A religião é um componente importante para o estabelecimento tanto de uma rede orgânica, como também na definição de uma narrativa. Isso é obviamente explícito nas estratégias e abordagens que têm sido adotadas por Bolsonaro e seus apoiadores. É o velho dilema do que vem primeiro, se é a adesão a esse discurso ou se é uma campanha direcionada ao segmento que acaba por corporificar esse apoio. Um ponto que não pode ser ignorado é que há muito trabalho neste processo, investimento de tempo, recursos financeiros e humanos, para que haja essa sinergia. Essa é uma questão que não pode ser ignorada ou minimizada em qualquer análise.

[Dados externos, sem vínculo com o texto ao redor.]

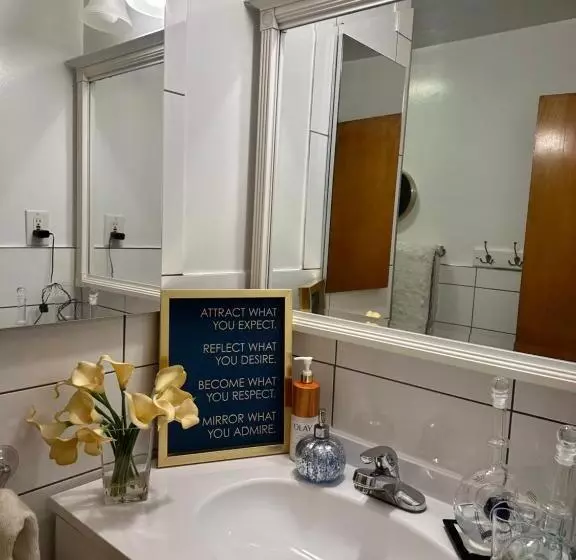 Aamiaismajoitus (B&B) Welcoming Private Suite With French Touches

A multiplicidade da comunidade evangélica é outra afirmação recorrente e sempre é preciso lembrar que as pessoas também são múltiplas. Tanto entre evangélicos, como em qualquer outro segmento da sociedade. Ninguém carrega consigo somente uma identidade e é impossível considerar de forma isolada os diferentes recortes sociodemográficos.
Os dados detalhados da segunda rodada de pesquisas do IBOPE divulgada ontem para o Rio de Janeiro e São Paulo revelam um crescimento expressivo dos candidatos do PT entre evangélicos. Se na primeira pesquisa, em 2 de outubro, os resultados desses candidatos, entre evangélicos, foi menor do que o obtido na população em geral, esse quadro altera-se na pesquisa divulgada no dia 15 de outubro. Tanto a candidatura de Jilmar Tatto quanto a de Benedita da Silva tiveram crescimento acima da margem de erro entre os evangélicos das duas cidades e chegarem a percentuais maiores nesse segmento do que no conjunto da população. Situação que tende a repercutir em direção a um processo de crescimento mais amplo dessas campanhas.

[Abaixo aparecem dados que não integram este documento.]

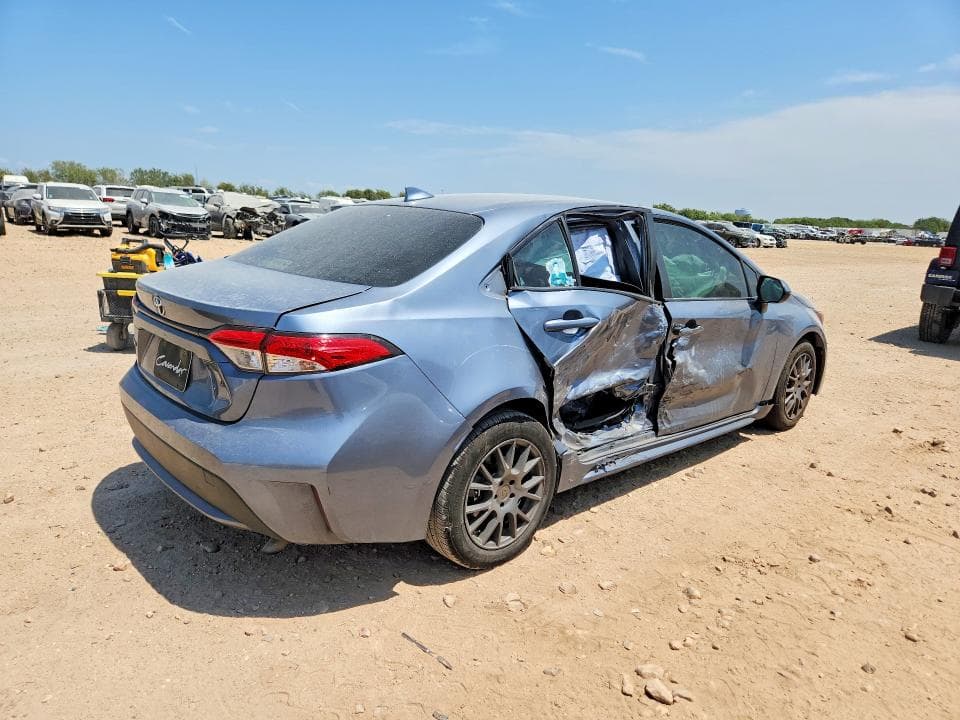 2022 TOYOTA COROLLA LE 3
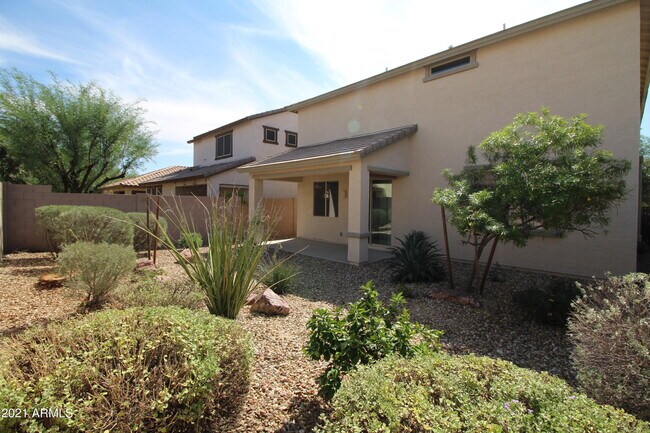 Building Photo - 2972 E Saltsage Dr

É óbvio que virá uma reação das outras candidaturas e de lideranças evangélicas que continuam a afirmar que são donas do segmento. É o velho “teatro da política”, onde estes afirmam terem poderes e capacidades efetivamente menores do que aquilo que entregam efetivamente para as candidaturas que apoiam. O voto evangélico, como qualquer voto, é mobilizado por um amplo conjunto de fatores, conhecimentos, valores e sentimentos. O grande desafio de uma campanha é se comunicar e estabelecer a confiança necessária que leve a uma tomada de decisão que tenha como resultado a adesão, o apoio e o voto em uma candidatura.
Com esse quadro o que se pode esperar nas próximas semanas é uma intensificação das ações das outras candidaturas junto a este segmento. A considerar o que vimos na campanha de 2018, há uma grande possibilidade de serem acionadas estratégias que passam pelo ataque direto e pela disseminação da desinformação nas redes sociais e nos aplicativos de mensagens. A grande pergunta que fica para 2020 é se o PT, dessa vez, conseguirá agir e reagir de forma eficiente, dando a merecida e devida atenção à este segmento e se mostrando capaz de inocular os ataques que certamente virão de vários lados e de várias formas. Essa é uma questão que as lideranças do PT precisam lidar com atenção e vagar.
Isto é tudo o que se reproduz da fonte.